> [Task] In full and without alteration, write out the lines below.

##### Given material

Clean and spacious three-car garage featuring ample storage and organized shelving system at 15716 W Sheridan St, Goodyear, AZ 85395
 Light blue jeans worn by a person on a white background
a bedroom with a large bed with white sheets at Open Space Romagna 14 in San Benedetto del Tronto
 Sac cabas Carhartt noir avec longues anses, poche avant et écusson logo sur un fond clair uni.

##########

> [Task answer]
Clean and spacious three-car garage featuring ample storage and organized shelving system at 15716 W Sheridan St, Goodyear, AZ 85395
 Light blue jeans worn by a person on a white background
a bedroom with a large bed with white sheets at Open Space Romagna 14 in San Benedetto del Tronto
 Sac cabas Carhartt noir avec longues anses, poche avant et écusson logo sur un fond clair uni.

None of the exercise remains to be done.